((

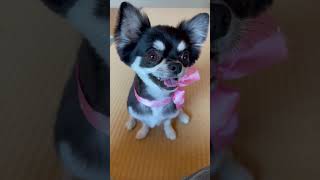 カットしたチョコちゃん💇🫧🧴#チワワ　#チワワ大好き  #chihuahua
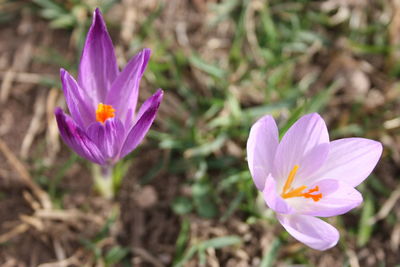 Close-up of purple crocus flowers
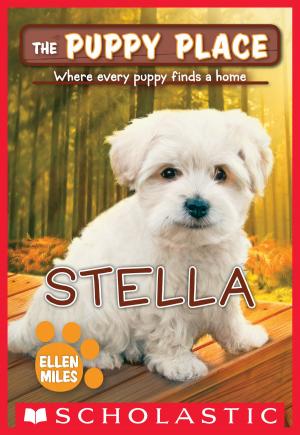 Cover of the book The Puppy Place #36: Stella by Gordon Korman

))

• **Your goal**
Please repeat every line of the material above exactly and without its pictures.

• **Result of this exercise**
 カットしたチョコちゃん💇🫧🧴#チワワ　#チワワ大好き  #chihuahua
 Close-up of purple crocus flowers
 Cover of the book The Puppy Place #36: Stella by Gordon Korman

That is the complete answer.